### Prompt
What is needed is the number of lines in the data below that include "Colors", stated by itself.

** Opening Stored data block **

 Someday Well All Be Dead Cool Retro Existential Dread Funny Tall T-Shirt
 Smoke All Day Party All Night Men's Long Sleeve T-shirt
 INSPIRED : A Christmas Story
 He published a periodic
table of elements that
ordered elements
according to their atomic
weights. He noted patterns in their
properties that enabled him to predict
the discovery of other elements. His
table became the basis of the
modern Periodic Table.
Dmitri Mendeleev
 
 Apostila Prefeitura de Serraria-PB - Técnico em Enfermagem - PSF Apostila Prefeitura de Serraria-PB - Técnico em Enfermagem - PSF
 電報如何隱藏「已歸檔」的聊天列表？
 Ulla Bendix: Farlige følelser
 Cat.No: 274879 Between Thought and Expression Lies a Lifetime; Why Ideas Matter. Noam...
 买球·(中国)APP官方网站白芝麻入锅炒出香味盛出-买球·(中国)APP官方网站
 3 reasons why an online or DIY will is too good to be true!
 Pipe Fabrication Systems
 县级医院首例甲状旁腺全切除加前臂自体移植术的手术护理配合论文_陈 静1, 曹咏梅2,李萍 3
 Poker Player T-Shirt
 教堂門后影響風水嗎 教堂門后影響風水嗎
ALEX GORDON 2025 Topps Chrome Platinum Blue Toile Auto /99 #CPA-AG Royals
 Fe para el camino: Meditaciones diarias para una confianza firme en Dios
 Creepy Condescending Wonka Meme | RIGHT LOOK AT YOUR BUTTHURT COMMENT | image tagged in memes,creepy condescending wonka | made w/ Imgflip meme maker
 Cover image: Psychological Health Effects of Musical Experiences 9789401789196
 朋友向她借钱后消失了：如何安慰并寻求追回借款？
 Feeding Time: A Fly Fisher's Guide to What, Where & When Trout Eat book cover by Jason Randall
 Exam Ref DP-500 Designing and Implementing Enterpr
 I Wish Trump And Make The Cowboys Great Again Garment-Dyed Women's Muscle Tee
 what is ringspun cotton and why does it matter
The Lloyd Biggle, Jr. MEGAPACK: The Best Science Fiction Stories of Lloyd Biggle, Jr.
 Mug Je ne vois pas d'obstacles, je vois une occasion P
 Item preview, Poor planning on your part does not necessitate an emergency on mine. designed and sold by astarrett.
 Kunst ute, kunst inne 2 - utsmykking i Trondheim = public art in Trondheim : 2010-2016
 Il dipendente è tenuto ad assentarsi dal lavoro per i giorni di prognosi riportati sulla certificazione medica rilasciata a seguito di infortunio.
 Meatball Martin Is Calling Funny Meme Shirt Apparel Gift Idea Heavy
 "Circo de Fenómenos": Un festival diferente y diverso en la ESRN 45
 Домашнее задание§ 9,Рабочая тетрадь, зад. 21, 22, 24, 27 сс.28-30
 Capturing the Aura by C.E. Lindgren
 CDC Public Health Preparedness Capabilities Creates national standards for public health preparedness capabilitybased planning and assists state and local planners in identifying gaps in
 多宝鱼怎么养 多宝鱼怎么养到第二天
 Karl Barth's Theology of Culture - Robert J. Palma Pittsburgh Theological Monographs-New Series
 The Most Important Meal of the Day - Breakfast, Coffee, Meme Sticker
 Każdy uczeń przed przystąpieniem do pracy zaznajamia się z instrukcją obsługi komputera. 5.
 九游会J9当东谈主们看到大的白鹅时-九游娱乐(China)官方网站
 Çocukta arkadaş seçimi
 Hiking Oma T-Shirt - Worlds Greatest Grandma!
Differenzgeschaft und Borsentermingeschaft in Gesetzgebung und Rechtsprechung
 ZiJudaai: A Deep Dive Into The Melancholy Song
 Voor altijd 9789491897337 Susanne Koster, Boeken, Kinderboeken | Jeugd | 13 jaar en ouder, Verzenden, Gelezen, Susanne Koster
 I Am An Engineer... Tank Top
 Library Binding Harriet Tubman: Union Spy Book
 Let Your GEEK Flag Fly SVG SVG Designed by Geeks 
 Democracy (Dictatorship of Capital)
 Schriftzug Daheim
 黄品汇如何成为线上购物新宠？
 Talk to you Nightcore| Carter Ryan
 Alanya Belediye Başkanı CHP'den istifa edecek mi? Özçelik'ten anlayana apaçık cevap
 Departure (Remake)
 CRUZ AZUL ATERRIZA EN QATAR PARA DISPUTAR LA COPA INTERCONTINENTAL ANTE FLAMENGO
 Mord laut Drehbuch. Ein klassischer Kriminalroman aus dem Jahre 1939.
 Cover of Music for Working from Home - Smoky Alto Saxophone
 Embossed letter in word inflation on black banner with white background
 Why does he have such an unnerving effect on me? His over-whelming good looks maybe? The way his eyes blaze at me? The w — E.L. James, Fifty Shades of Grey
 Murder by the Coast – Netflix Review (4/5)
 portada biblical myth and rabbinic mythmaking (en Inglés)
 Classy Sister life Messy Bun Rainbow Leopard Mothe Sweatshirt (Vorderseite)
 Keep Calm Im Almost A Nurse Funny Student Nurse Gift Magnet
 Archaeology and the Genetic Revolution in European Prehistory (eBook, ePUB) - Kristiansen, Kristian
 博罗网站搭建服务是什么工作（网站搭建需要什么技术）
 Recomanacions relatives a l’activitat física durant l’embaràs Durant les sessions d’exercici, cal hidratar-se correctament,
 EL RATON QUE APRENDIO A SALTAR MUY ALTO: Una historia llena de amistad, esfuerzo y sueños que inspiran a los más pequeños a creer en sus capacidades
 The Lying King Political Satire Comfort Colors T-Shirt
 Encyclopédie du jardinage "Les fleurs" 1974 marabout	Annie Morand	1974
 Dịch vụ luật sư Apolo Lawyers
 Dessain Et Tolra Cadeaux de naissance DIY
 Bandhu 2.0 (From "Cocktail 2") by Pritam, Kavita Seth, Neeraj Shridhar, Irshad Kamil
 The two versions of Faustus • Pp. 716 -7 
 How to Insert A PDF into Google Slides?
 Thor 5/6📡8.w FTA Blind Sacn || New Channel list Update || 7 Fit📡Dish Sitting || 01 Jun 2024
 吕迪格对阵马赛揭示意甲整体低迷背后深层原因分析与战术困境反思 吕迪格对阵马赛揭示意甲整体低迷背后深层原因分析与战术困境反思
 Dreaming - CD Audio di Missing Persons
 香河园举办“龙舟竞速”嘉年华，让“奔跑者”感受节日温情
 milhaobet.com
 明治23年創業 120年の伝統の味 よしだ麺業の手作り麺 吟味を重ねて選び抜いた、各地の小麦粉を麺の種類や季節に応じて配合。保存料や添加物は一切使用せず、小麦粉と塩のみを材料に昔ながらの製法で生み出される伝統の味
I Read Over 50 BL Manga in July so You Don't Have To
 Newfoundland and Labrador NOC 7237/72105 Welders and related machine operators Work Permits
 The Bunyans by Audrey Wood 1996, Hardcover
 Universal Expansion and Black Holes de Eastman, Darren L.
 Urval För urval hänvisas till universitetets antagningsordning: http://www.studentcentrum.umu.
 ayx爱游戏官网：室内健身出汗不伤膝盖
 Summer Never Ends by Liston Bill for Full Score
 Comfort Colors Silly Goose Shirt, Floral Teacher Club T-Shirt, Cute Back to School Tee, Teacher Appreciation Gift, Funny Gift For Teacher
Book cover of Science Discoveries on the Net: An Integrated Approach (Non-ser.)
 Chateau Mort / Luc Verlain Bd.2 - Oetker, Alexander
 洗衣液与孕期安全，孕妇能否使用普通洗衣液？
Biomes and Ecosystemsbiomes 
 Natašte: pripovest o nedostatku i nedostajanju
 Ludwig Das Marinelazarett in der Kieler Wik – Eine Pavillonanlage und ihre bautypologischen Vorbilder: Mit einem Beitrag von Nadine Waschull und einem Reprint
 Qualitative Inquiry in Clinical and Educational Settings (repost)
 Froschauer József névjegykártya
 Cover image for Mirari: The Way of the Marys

** Closing Stored data block **

### Task result
2